Man’s Best Friend and National Dog Week

For virtually every vice and oddity, occupation and religion, hobby and emotion, there is a holiday to honor it. We honor mothers and fathers, grandparents, teachers, firefighters, secretaries, bosses and sweethearts. We celebrate beer, practical jokes, waffles, head lice and even banned books.

With all this celebrating we’d be remiss not to honor those who fill our lives with love, laughter and loyalty. For the last week of every September the celebration is for our beloved canine companions.

National Dog Week was started in 1928 by Captain Will Judy, who lived from 1891 to 1973, earning a silver star for his gallantry during World War I. He wore many hats during his lifetime but his true passion was for dogs. He published several books about dogs, served as judge for various dog shows, and eventually became the publisher of Dog World Magazine. He was an icon in the dog world, and well known for his books about dog training, dog breeds and dog shows. There was even a Will Judy Award for the highest rated show dogs.

During National Dog Week, Captain Judy hoped to spread awareness on how to be a responsible dog owner. In addition, he wanted to honor dogs who’d served in the military, and organizations that rescued dogs.

Every year National Dog Week has a specific theme. The most memorable was the year that paid tribute to “Man’s Best Friend.” The phrase “Man’s Best Friend” has a quite a colorful history behind it. During a spat between a sheep farmer and his neighbor on October 18, 1869, the sheep farmer gave the order to shoot his neighbor’s hunting dog — Old Drum — on the suspicion that the Foxhound was killing his sheep. Old Drum was summarily shot and killed, which sparked the Burden vs. Hornsby lawsuit.

Attorney George Graham Vest, who got his law degree from Transylvania University in Kentucky in 1853, had already made waves by representing a slave accused of murder. The slave was acquitted, but died at the hands of an angry lynch mob who burned him at the stake, also threatening the life of George Vest for his role in the acquittal.

George Graham Vest became legendary for his powerful speeches and taking on the most unpopular battles. He supported secession on the side of the South during the Civil War. He worked for fair treatment of Native Americans, opposed women’s right to vote, and fought to protect the right of the Mormons to have multiple wives, even though he was personally against polygamy. He also fought to protect and preserve Yellowstone National Park.

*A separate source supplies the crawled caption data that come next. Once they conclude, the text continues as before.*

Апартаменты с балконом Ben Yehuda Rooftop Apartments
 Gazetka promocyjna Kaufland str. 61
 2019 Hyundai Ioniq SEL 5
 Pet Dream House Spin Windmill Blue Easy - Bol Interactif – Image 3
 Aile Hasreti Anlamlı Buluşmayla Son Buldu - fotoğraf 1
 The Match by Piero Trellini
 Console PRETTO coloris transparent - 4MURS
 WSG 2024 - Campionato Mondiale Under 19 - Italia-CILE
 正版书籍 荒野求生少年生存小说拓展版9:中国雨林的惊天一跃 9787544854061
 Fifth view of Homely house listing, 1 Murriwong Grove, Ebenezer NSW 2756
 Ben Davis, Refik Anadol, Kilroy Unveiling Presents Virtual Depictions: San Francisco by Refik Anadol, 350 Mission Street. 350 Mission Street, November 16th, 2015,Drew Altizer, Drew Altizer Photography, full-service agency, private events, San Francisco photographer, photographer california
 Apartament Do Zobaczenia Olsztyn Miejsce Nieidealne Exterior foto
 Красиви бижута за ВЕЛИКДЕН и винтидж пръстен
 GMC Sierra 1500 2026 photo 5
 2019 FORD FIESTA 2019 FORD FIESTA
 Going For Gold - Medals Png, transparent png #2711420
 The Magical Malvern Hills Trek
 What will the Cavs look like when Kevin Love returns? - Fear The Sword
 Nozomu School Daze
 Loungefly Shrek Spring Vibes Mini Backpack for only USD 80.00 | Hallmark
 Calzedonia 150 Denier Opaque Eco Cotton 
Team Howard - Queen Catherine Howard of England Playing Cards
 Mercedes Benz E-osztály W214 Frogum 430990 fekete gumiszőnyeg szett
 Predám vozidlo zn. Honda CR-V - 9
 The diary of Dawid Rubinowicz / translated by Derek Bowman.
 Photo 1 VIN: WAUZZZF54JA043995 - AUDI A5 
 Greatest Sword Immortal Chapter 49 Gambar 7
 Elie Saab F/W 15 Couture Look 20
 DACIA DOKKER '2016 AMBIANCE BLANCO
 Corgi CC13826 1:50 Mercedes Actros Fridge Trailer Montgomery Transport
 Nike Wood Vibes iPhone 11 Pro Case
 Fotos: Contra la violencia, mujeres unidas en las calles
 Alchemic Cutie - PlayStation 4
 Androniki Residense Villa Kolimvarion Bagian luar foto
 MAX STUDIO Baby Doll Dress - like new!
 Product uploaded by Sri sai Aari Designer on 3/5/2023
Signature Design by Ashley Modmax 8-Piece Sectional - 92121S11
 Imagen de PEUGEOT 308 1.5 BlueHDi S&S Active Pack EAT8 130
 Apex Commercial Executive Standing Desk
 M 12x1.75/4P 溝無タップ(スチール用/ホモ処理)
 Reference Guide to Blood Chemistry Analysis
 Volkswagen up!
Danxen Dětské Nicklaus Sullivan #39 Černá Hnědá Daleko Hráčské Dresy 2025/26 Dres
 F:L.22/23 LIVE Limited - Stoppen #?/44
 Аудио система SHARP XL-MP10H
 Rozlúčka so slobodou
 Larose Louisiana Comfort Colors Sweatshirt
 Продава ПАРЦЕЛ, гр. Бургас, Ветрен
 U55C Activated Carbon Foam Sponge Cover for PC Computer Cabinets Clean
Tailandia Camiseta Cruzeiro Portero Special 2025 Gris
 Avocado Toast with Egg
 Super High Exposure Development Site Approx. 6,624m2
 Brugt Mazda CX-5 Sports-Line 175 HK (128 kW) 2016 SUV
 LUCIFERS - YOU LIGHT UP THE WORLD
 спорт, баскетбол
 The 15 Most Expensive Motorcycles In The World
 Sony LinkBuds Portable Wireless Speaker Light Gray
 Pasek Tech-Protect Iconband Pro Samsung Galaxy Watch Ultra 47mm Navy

In the trial of hunting dog Old Drum, George Vest represented Charles Burden who was Old Drum’s grieving owner, against Leon Hornsby, who allegedly directed another man to kill Old Drum. George’s closing statement was so powerful that not only did they win the case, his “Eulogy of the Dog” speech was inscribed on a monument and is considered to be one of the world’s greatest speeches.

Eulogy of the Dog

“Gentlemen of the jury: The best friend a man has in this world may turn against him and become his enemy. His son or daughter that he has reared with loving care may prove ungrateful. Those who are nearest and dearest to us, those whom we trust with our happiness and our good name, may become traitors to their faith. The money that a man has, he may lose. It flies away from him, perhaps when he needs it the most. A man’s reputation may be sacrificed in a moment of ill-considered action. The people who are prone to fall on their knees to do us honor when success is with us may be the first to throw the stone of malice when failure settles its cloud upon our heads. The one absolutely unselfish friend that a man can have in this selfish world, the one that never deserts him and the one that never proves ungrateful or treacherous is his dog.

“Gentlemen of the jury: A man’s dog stands by him in prosperity and in poverty, in health and in sickness. He will sleep on the cold ground, where the wintry winds blow and the snow drives fiercely, if only he may be near his master’s side. He will kiss the hand that has no food to offer, he will lick the wounds and sores that come in encounters with the roughness of the world. He guards the sleep of his pauper master as if he were a prince. When all other friends desert, he remains. When riches take wings and reputation falls to pieces, he is as constant in his love as the sun in its journey through the heavens.

“If fortune drives the master forth an outcast in the world, friendless and homeless, the faithful dog asks no higher privilege than that of accompanying him to guard against danger, to fight against his enemies, and when the last scene of all comes, and death takes the master in its embrace and his body is laid away in the cold ground, no matter if all other friends pursue their way, there by his graveside will the noble dog be found, his head between his paws, his eyes sad but open in alert watchfulness, faithful and true even to death.”